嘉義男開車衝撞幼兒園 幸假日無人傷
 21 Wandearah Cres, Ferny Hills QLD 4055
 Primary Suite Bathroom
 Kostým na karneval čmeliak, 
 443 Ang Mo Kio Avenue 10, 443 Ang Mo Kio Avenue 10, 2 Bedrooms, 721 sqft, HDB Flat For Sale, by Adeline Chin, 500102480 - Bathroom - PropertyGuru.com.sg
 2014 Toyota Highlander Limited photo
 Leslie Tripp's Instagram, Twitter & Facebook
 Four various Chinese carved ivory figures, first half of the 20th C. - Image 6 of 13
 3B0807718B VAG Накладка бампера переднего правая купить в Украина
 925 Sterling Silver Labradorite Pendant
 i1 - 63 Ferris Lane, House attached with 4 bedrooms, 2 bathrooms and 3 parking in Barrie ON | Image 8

***

Copy the full listing verbatim.

嘉義男開車衝撞幼兒園 幸假日無人傷
 21 Wandearah Cres, Ferny Hills QLD 4055
 Primary Suite Bathroom
 Kostým na karneval čmeliak, 
 443 Ang Mo Kio Avenue 10, 443 Ang Mo Kio Avenue 10, 2 Bedrooms, 721 sqft, HDB Flat For Sale, by Adeline Chin, 500102480 - Bathroom - PropertyGuru.com.sg
 2014 Toyota Highlander Limited photo
 Leslie Tripp's Instagram, Twitter & Facebook
 Four various Chinese carved ivory figures, first half of the 20th C. - Image 6 of 13
 3B0807718B VAG Накладка бампера переднего правая купить в Украина
 925 Sterling Silver Labradorite Pendant
 i1 - 63 Ferris Lane, House attached with 4 bedrooms, 2 bathrooms and 3 parking in Barrie ON | Image 8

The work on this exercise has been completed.